A Slow Burn That Pays Off: “Sicario” Is Not Your Typical Action Movie

Review, “Sicario” — *** stars (out of ****)

Released September 18, 2015
Directed by Denis Villeneuve
Screenplay by Taylor Sheridan
Cinematography by Roger Deakins
Starring Emily Blunt, Josh Brolin, Benicio Del Toro, Victor Garber, Jon Bernthal, Daniel Kaluuya
Running Time: 121 minutes
Budget: $30 million
Worldwide Box Office: $66.6 million (666!)

Walking into “Sicario,” I was expecting your standard over-the-top action movie about the war on drugs, with everyone trying to take out The Big Bad Drug Tycoon. Instead, I was confronted with something that handles the conflict with considerably more nuance and raw-knuckle intensity.

“Sicario” kicks things off with a kidnapping raid in Chandler, Arizona where we meet our main protagonist, agent Kate Macer, played with gravitas and balls by the amazing Emily Blunt. After Macer and her team make a big bust, Kate’s boss recommends her to CIA agent Matt Graver (the bad-ass Josh Brolin) and his partner Alejandro (the even-more-bad-ass Benicio Del Toro). All three leads then unite in search of drug lord Guillermo (Edgar Arreola).

Despite a languid, slow-burn first 40 minutes, “Sicario” shifts gears around the top of the Act II, and transitioning into on the edge-of-your-seat intensity. The Blunt character serves as the audience’s window into this universe, and her greenness and vulnerability keeps her survival enjoyably in doubt. Brolin’s character is a very laid back the kind of guy that wears flip flops to a meeting of an attack plan, which when he gets serious makes it that much more terrifying and powerful. Del Toro’s character, first established as man of few words, steals the show as the film progresses. It’d be nice to see him in more movies again.

Scribe Taylor Sheridan was formerly an actor on “Sons of Anarchy,” he wrote “Sicario on spec. It’s quite the debut. Most notable is a surprisingly effective storytelling choice that deviates from the typical cinematic dicta, telling instead of showing all the sins committed by our drug kingpin. He’s established through what are essentially campfire stories, and this only adds to his menace, before tying in snugly to a pretty damn cool climax. Another shout-out goes to Roger Deakins’s amazing cinematography — every shot, every camera move ratchets up the suspense a notch or five. If you thought that “Skyfall” had great silhouette shots (especially during Bond’s epic Shanghai skyscraper battle with Ola Rapace), “Sicario” gives it a run for its money with a silhouette showcase in an underground trench. How the man has yet to win an Oscar (after 12 nominations!) is wholly beyond me.

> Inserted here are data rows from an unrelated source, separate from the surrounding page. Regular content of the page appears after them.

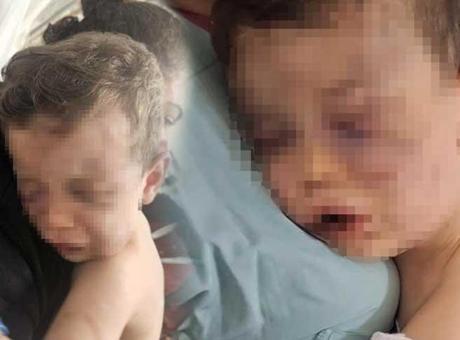2 yaşındaki Aren bebek vahşice döven cani hakim karşısına çıkacak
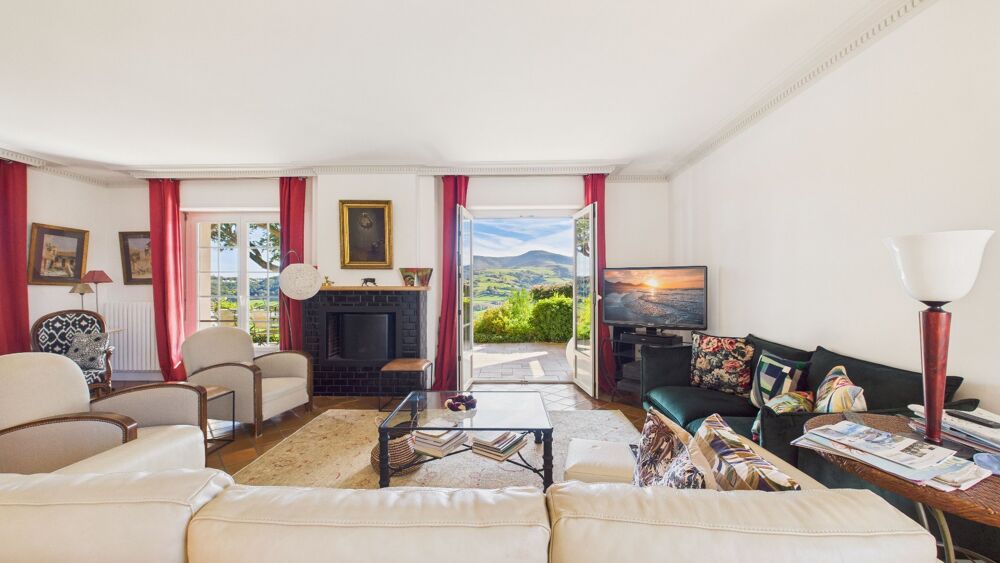 � vendre  Maison Hasparren (64240)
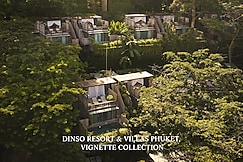 Dinso Resort & Villas Phuket, Vignette Collection, فوكيت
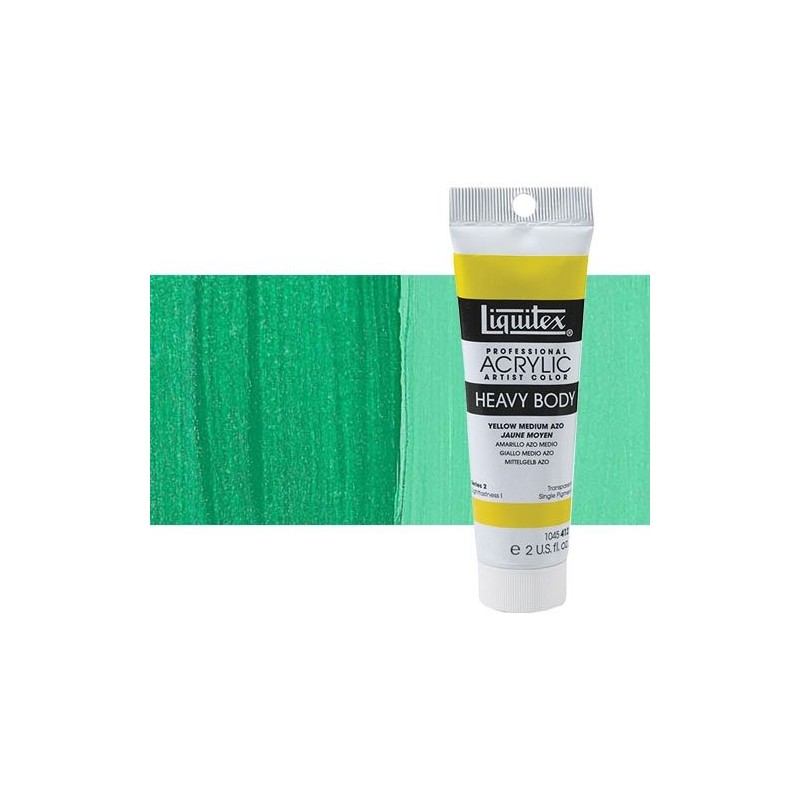 Materiais Belas Artes - Acrilico Liquitex Verde Esmeralda Heavy Body, 59 ml. | totenart.com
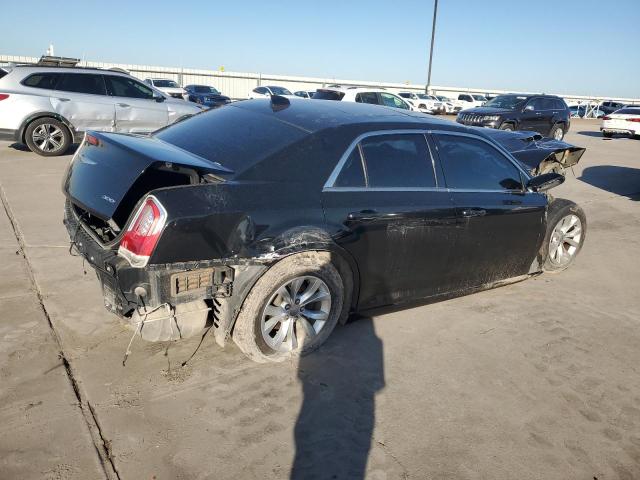 2016 Chrysler 300 Limited VIN: 2C3CCAAGXGH167806 Lot: 48280824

The flick is held back from reaching a higher tier by that languid first act. Which is really too bad, because it clicks on all its other cylinders with great characters; Deakins’s great camerawork; and capable direction from Canada’s Denis Villeneuve, responsible for the surprisingly-good “Prisoners” (2013) and the smaller pseudo-abstract Jake Gyllenhaal doppelganger novelty “Enemy” (2014).